### Your goal
From the listing that follows, reproduce only the lines from the one holding "China Self Loading" through the one holding "Sáng 13/9: Hà", both included, with no pictures.

### Given records
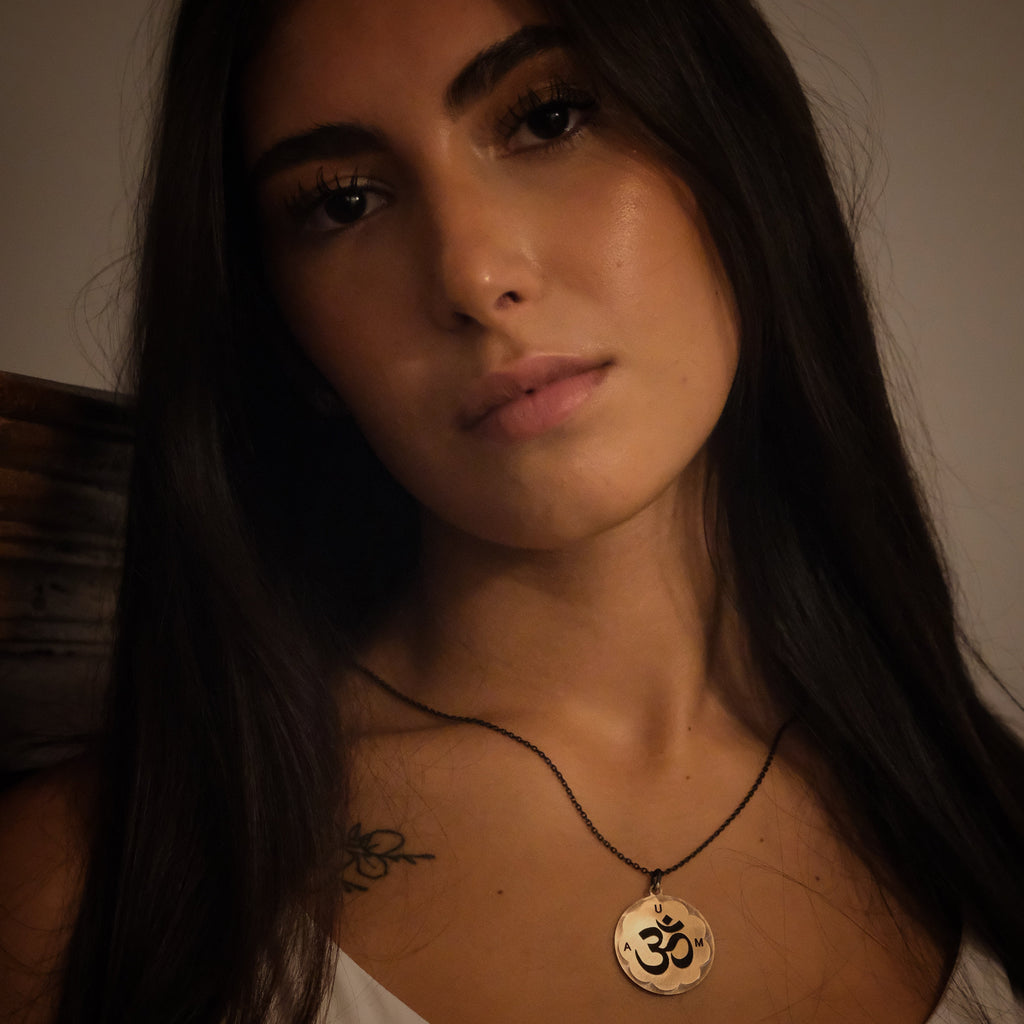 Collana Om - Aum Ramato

...

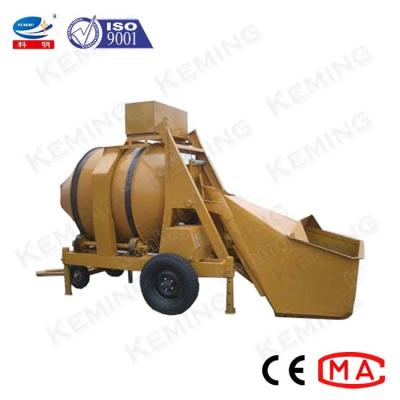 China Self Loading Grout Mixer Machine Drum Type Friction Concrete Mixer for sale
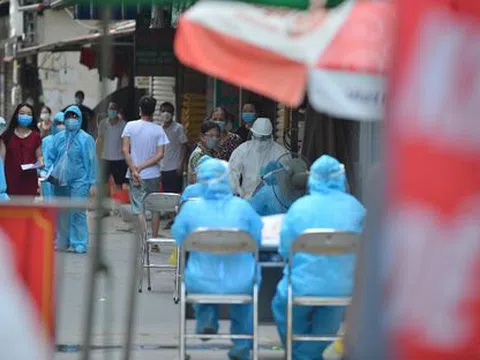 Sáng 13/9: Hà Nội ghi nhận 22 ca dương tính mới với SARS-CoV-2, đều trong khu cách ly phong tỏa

### Your response
 China Self Loading Grout Mixer Machine Drum Type Friction Concrete Mixer for sale
 Sáng 13/9: Hà Nội ghi nhận 22 ca dương tính mới với SARS-CoV-2, đều trong khu cách ly phong tỏa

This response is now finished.